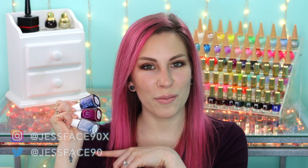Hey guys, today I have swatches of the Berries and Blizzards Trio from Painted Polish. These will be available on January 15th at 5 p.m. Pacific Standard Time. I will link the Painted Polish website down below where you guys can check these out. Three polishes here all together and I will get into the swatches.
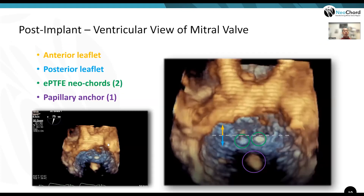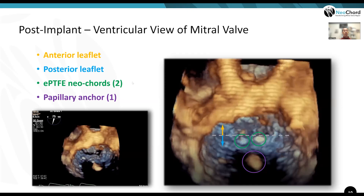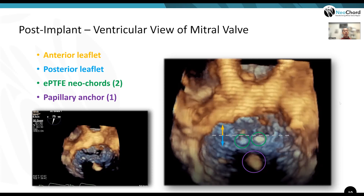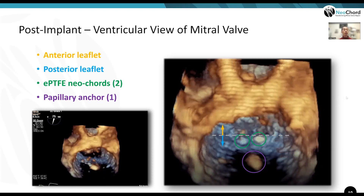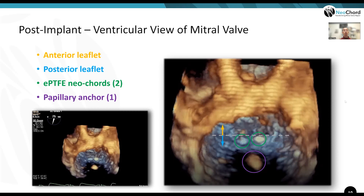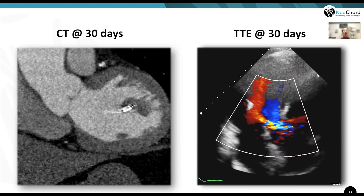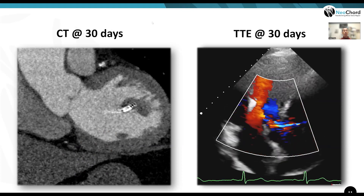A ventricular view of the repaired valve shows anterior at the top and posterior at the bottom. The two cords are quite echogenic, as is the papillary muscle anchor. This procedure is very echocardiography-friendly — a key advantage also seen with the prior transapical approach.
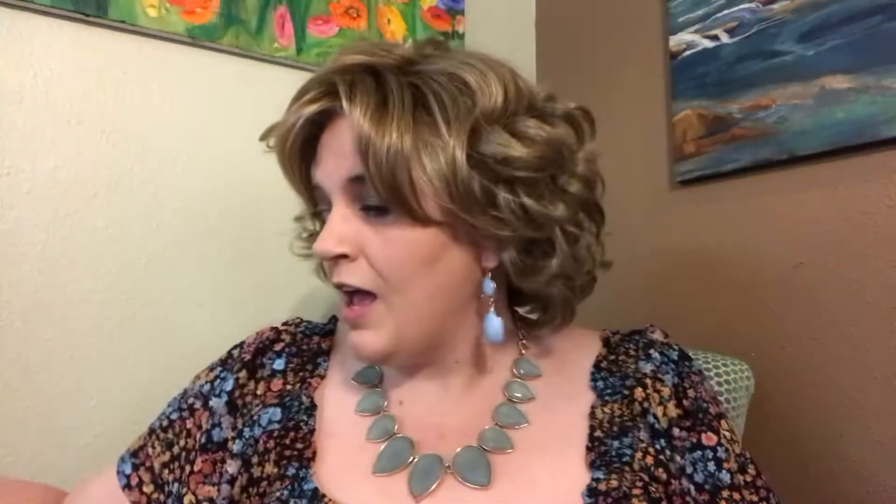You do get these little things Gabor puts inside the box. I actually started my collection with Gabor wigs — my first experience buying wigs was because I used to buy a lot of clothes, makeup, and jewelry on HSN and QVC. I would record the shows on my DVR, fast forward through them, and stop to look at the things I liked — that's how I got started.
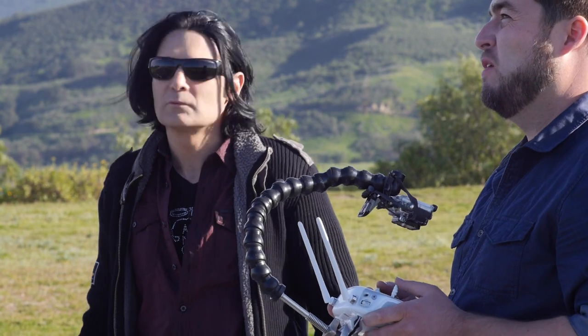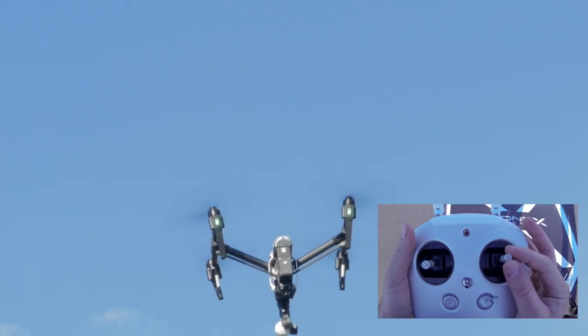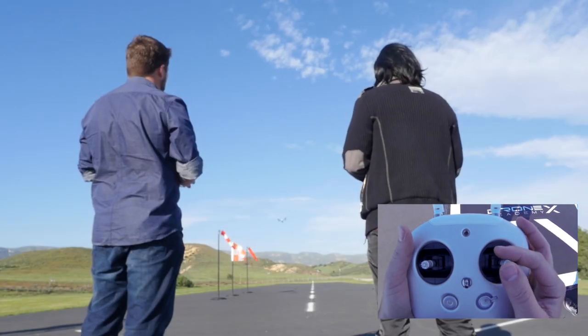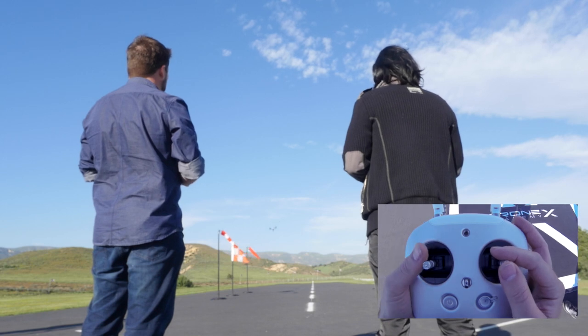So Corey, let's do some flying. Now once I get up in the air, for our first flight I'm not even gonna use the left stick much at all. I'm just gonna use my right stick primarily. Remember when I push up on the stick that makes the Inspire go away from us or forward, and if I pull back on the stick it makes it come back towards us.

→ WHAT YOU NEED TO DO: An exact reproduction of the lines from the line containing "A ventricular view" through the end of the listing above is needed; pictures stay out.

→ RESPONSE TO THIS EXERCISE:
A ventricular view of the repaired valve shows anterior at the top and posterior at the bottom. The two cords are quite echogenic, as is the papillary muscle anchor. This procedure is very echocardiography-friendly — a key advantage also seen with the prior transapical approach.
You do get these little things Gabor puts inside the box. I actually started my collection with Gabor wigs — my first experience buying wigs was because I used to buy a lot of clothes, makeup, and jewelry on HSN and QVC. I would record the shows on my DVR, fast forward through them, and stop to look at the things I liked — that's how I got started.
So Corey, let's do some flying. Now once I get up in the air, for our first flight I'm not even gonna use the left stick much at all. I'm just gonna use my right stick primarily. Remember when I push up on the stick that makes the Inspire go away from us or forward, and if I pull back on the stick it makes it come back towards us.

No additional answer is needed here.